■ **Problem to work on**
The line containing "Marsden Community Poetry image" and every line after it to the end of the records: set those down exactly, without any pictures.

■ **Task data**
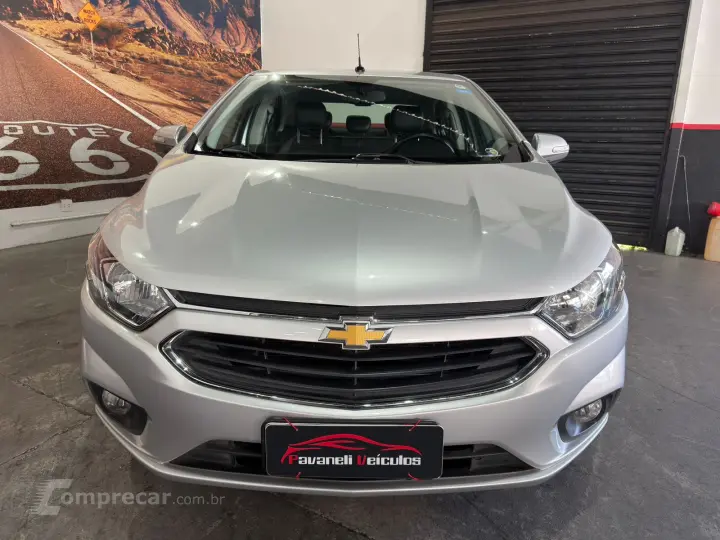 PRISMA 1.4 LTZ Spe/4 8V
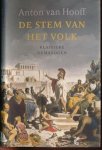 Hooff, Anton van. - De Stem van het Volk: Klassieke demagogen.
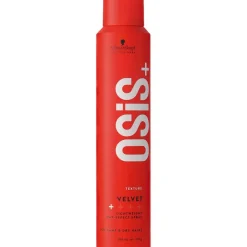 Textur Velvet Lightweight Wax-Effect Spray von Schwarzkopf Professional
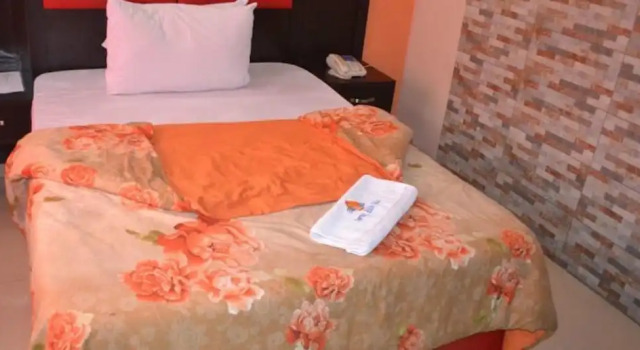 Номер Classic Springhills Hotels Limited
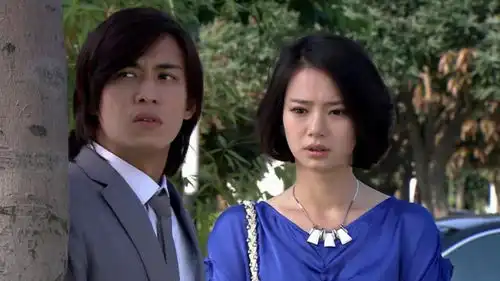 夏家三千金皓天让友善登报澄清俩人的关系不料友善立马变脸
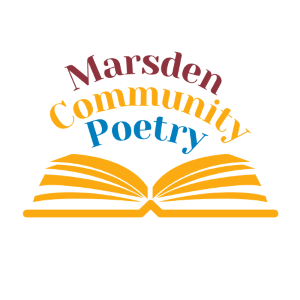 Marsden Community Poetry image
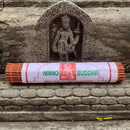 The Sanctum | Handcrafted Tibetan Buddha Incense Sticks (20cm, 53 Sticks)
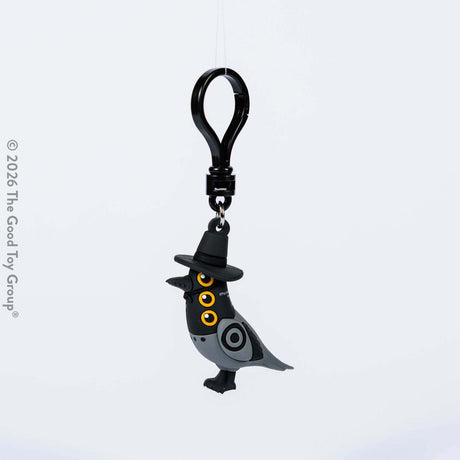 KPop Demon Hunters Figural Bag Clip Blind Bag - Series 1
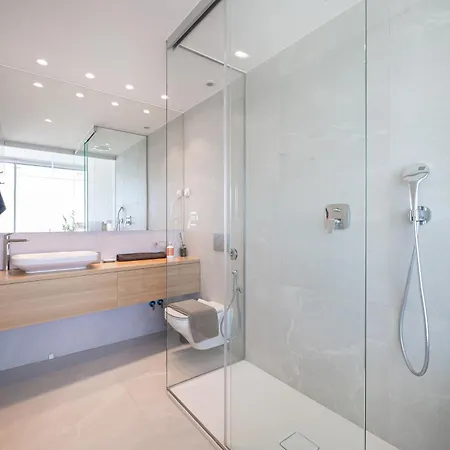 Med2holidays Фуэнхирола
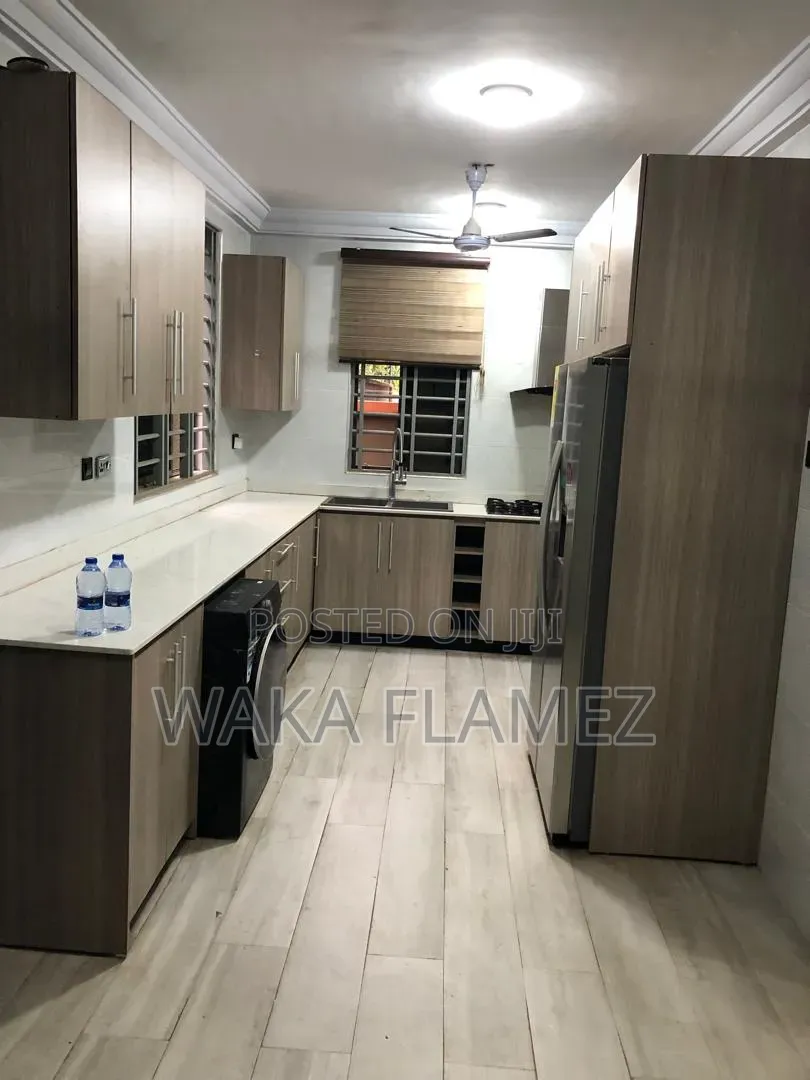 3bdrm Apartment in Tantra Hills, Unity Closed for rent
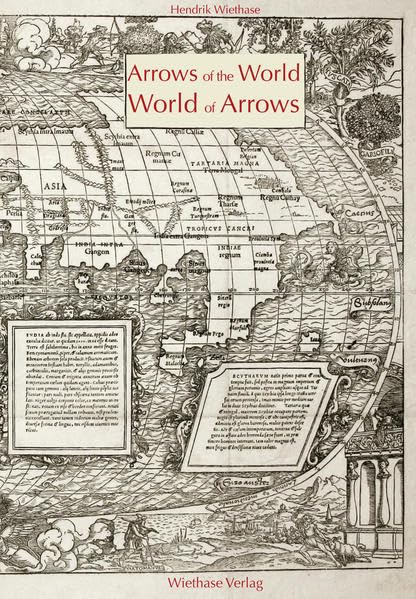 The World of Arrows - Arrows of the World Social Sciences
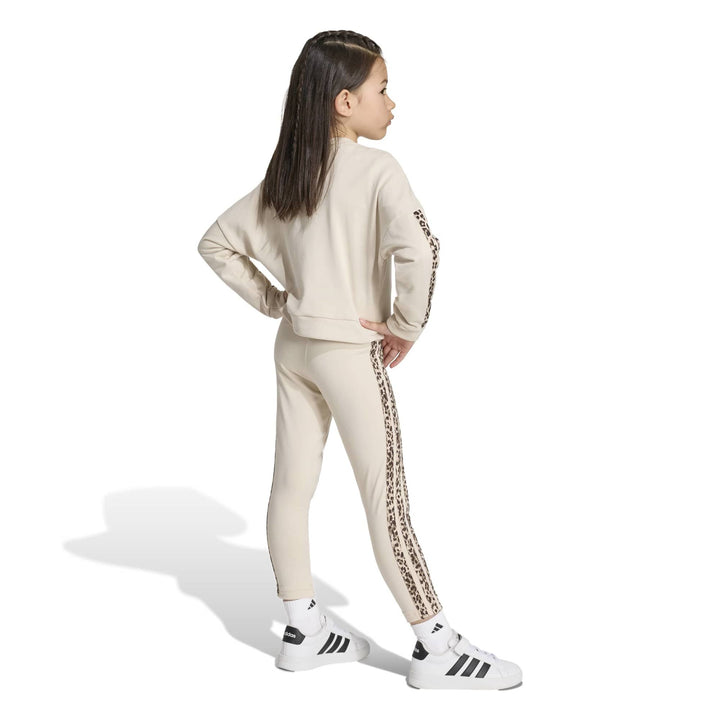 adidas Lg An 3S Set - crli/multco/dbrown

■ **Answer box**
 Marsden Community Poetry image
 The Sanctum | Handcrafted Tibetan Buddha Incense Sticks (20cm, 53 Sticks)
 KPop Demon Hunters Figural Bag Clip Blind Bag - Series 1
 Med2holidays Фуэнхирола
 3bdrm Apartment in Tantra Hills, Unity Closed for rent
 The World of Arrows - Arrows of the World Social Sciences
 adidas Lg An 3S Set - crli/multco/dbrown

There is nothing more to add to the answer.